Machine learning from scratch (part 2)

Erik Munkby
14 min readNov 3, 2022

--

Gain a deeper understanding by looking beyond your go-to ML libraries.

Figure 1: Image by Allison Horst, the three mascots of the data in this blog series.

In this day and age, applying machine learning (ML) means installing the best library for the job, rather than coding the algorithms yourself. And when we have libraries such as scikit-learn backed by 2484 contributors, or tensorflow backed by 3196 contributors, why wouldn’t you? The answer to the question above — and the reason this series of articles exist — is to have a better understanding of fundamental concepts! I will take you through a journey of many of the most important ML concepts, by walking through these basic algorithms. With a heavy emphasis on visualizations together with the underlying code of the algorithms, you will finish this article series with more confidence in the field of ML. To make things interesting, I’ll do this only using python and numpy, removing my reliance on the obvious ML libraries.

This series is directed at those who have some experience interacting with machine learning libraries, but wish to learn more about how they actually work.

Algorithms (ML models) and concepts in this article

In the previous installment of this blog series, Machine Learning from Scratch (part 1), we took a look at the algorithms k-NN and k-means. Both of these algorithms’ primary objective is to predict/identify classes within the data. In this post we will instead attempt to build a model able to predict continuous values — predicting penguin weights using their culmen length.

Imagine we hiked all the way out the Biscoe islands only to realize — we forgot the scale. However for some reason our data entry program will only allow entries that includes both culmen length and weight. Luckily we brought our measurement tape and computer. In order to not waste this entire trip we quickly build an algorithm using previous entries, that allows us to predict the penguins’ weight using the culmen length measurement.

We will approach this prediction as a linear regression problem, and build the model using three algorithms:

  • Ordinary Least Squares (OLS)
  • Gradient Descent (GD)
  • Stochastic Gradient Descent (SGD)

Taking us through this journey will be our three penguin friends visualized in Figure 1. These three penguin species come from the dataset Palmer Archipelago (Antarctica) penguin data, which is a (subjectively) cuter alternative to the Iris flower dataset. It is built to work for both classification and regression problems. In the figure below you can see a brief example of the data, and in this post we will focus on the culmen (beak) features together with the body mass. For a full data analysis check this notebook. Let’s get into it!

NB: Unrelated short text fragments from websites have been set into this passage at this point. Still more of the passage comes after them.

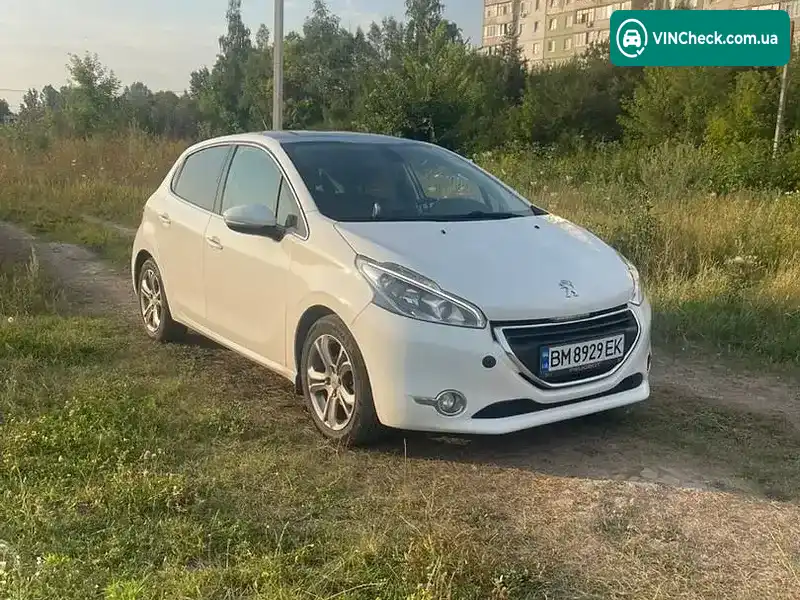 Peugeot 208 2014, фото з оголошення 1 з 20, VIN VF3CCHMZ0ET200292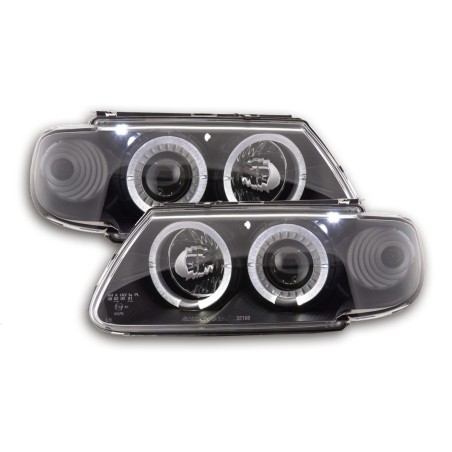 Phare avant Citroen Saxo 96-99 noir Phare avant Citroen Saxo 96-99 noir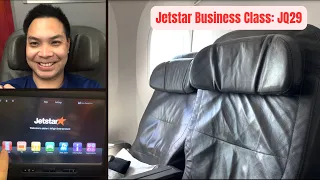 Flight Review: Business Class JQ29 Jetstar Melbourne (MEL) to Bangkok (BKK) Boeing787-8 Dreamliner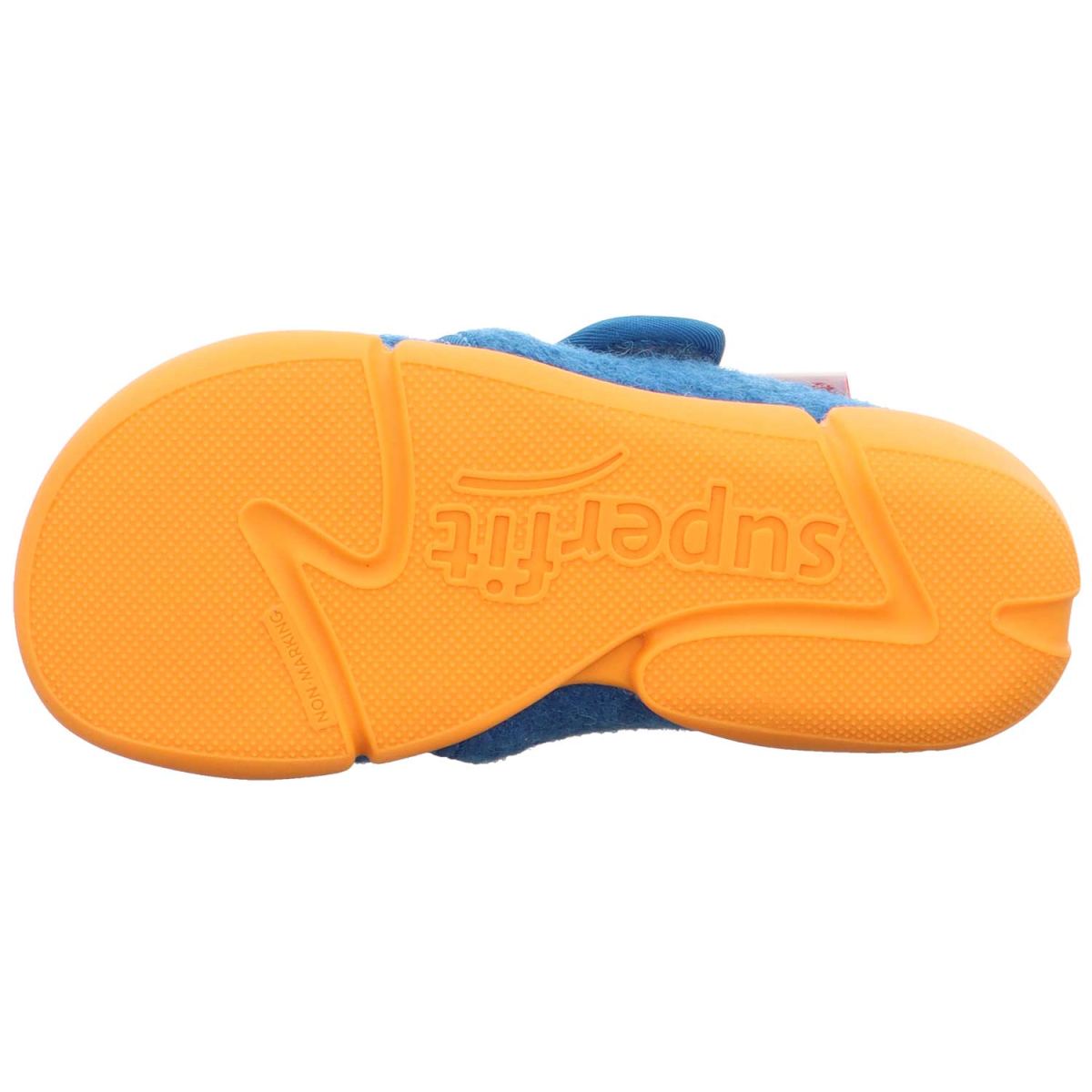 Superfit - Barefit Venti - Kinder Barfuß-Hausschuhe - Blau/Orange – Bild 5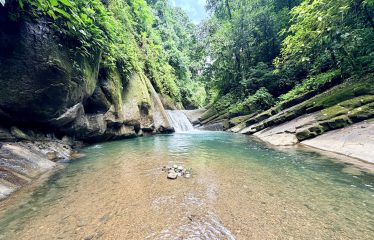 LARGE TROPICAL ESTATE WITH RIVER ACCESS AND A SMALL WATERFALL NEAR UVITA – 45.4 ACRES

Figure 2: Image by Author, sample data for each penguin species.

Can we build a linear model?

The first question we should ask ourselves is: can we build a linear model for the task, predict penguin weight using culmen length? The first step to answer this is — like most data problems — plot the data we are working with.

Figure 3: Image by Author, distribution of penguin species by weight & culmen length.

Studying the graph above, we can see that there is more linear correlation within each species than among all three species as a whole. More specifically Chinstrap (purple) seems to deviate from the other two species in the relation between culmen length and body mass. Since we are focusing on a regression problem estimating a continuous variable, it can in situations like this be preferable to isolate each class into their own linear model. As such we will further on limit ourselves to build the initial model using only entries from the Gentoo (green) penguin species.

Figure 4: Image by Author, the distribution of Gentoo penguins by weight & culmen length.

While somewhat noisy, there still seems to be a linear correlation throughout the data entries we have.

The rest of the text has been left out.